Faith Leaders Call for Mexican Gray Wolf Recovery

Conservation a “moral issue,” not political, says multi-faith statement

Spirit. Photo courtesy Peggy Jehly, Colorado Wolf Adventures.

SANTA FE – Faith leaders assembled Wednesday at the Cathedral Basilica of St. Francis of Assisi in downtown Santa Fe to celebrate the Feast Day of St. Francis, Catholic patron saint of animals and the environment, which traditionally includes a blessing of the animals. But the animals to be blessed were not the usual dogs, cats, and other household pets. The group gathered this year to bless two wolves, in an inter-faith show of support for Mexican gray wolf recovery.

In a famous parable of coexistence, St. Francis makes peace with a marauding wolf after recognizing that the creature, who was terrorizing the city of Gubbio, was acting out of hunger and not malice. After affirming the wolf’s right to existence, St. Francis blessed the wolf. The story delivers a message of stewardship and care for the natural world.

Fr. Adam Ortega y Ortiz, Rector of the Cathedral Basilica, Rev. Talitha Arnold, Senior Minister of United Church of Santa Fe, and Rev. Carol Calvert, Bishop of Brigid’s Well Healing Order all spoke at the event, which took place beneath a statue of St. Francis and the Wolf of Gubbio. Over three dozen representatives of Christian, Jewish, Buddhist, and other faith groups in New Mexico and throughout the Southwest also signed a joint statement, calling for the “full and timely recovery of Mexican wolves, based on the best available science, across their entire historic range.”

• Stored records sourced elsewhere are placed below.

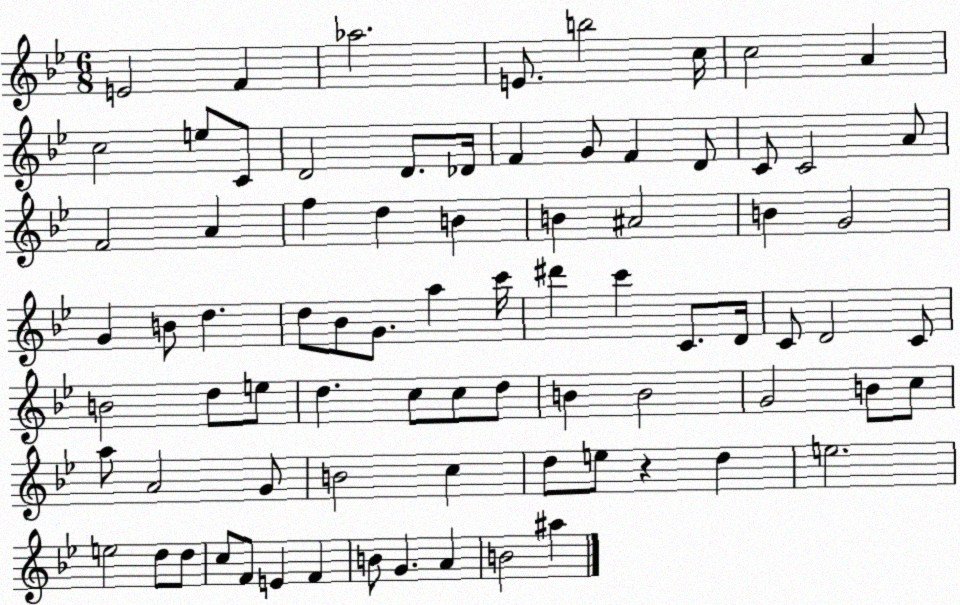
X:1
T:Untitled
M:6/8
L:1/4
K:Bb
E2 F _a2 E/2 b2 c/4 c2 A c2 e/2 C/2 D2 D/2 _D/4 F G/2 F D/2 C/2 C2 A/2 F2 A f d B B ^A2 B G2 G B/2 d d/2 _B/2 G/2 a c'/4 ^d' c' C/2 D/4 C/2 D2 C/2 B2 d/2 e/2 d c/2 c/2 d/2 B B2 G2 B/2 c/2 a/2 A2 G/2 B2 c d/2 e/2 z d e2 e2 d/2 d/2 c/2 F/2 E F B/2 G A B2 ^a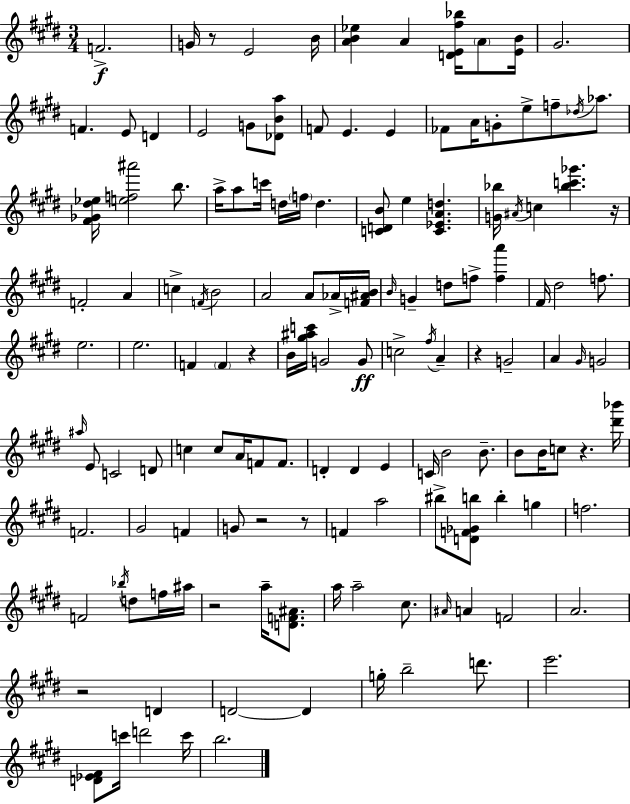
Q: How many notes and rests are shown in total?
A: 139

Mexican wolves once roamed freely from Southern Colorado and the Grand Canyon to Central Mexico, but by the 1970’s were driven to the brink of extinction by human activity. Today, fewer than one hundred fifty Mexican wolves live in isolated pockets of habitat in Arizona, New Mexico, and northern Mexico, far short of the seven hundred fifty wolves independent scientists say is necessary for a stable, healthy population, making them the most endangered mammal in North America. The wild population is small, scattered, and genetically inbred, leaving them vulnerable to extreme weather and disease. Hundreds of captive wolves await release from breeding facilities across the US.

Pope Francis, who took the name of the environmentalist Saint, writes in his Laudato Si encyclical, “Each year sees the disappearance of thousands of plant and animal species which we will never know, which our children will never see, because they have been lost forever. The great majority become extinct for reasons related to human activity. Because of us, thousands of species will no longer give glory to God by their very existence, nor convey their message to us. We have no such right.”

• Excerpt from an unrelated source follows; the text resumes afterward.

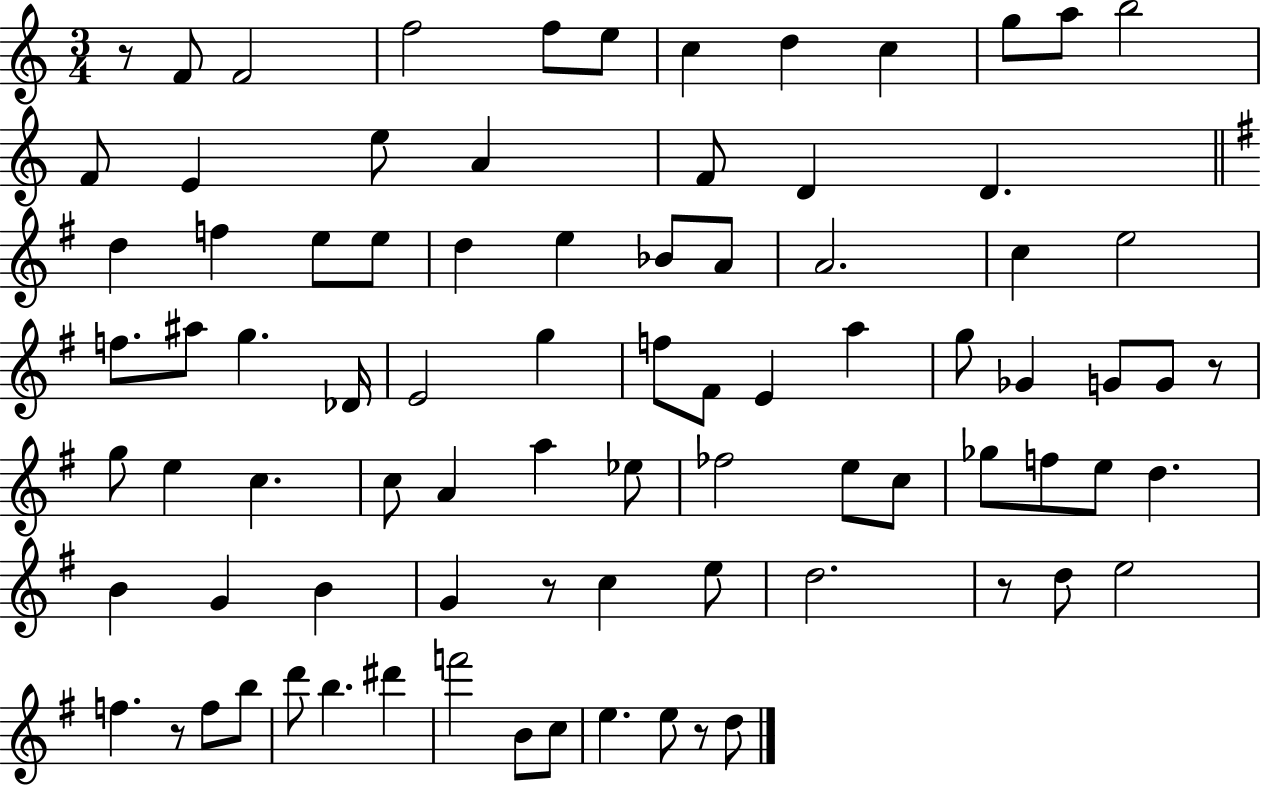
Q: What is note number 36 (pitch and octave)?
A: F5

The Southwest Environmental Center (SWEC) coordinated the event. SWEC Executive Director Kevin Bixby says, “We welcome the involvement of New Mexico’s faith communities in the effort to prevent the extinction of the Mexican gray wolf. Their support for Mexican wolves sends a powerful message that this is not about politics, it is about what is morally right.”

The two wolf hybrids, one-year-old Spirit and seven-month-old Apache, traveled from Colorado for the blessing, courtesy of Colorado Wolf Adventures in Woodland Park.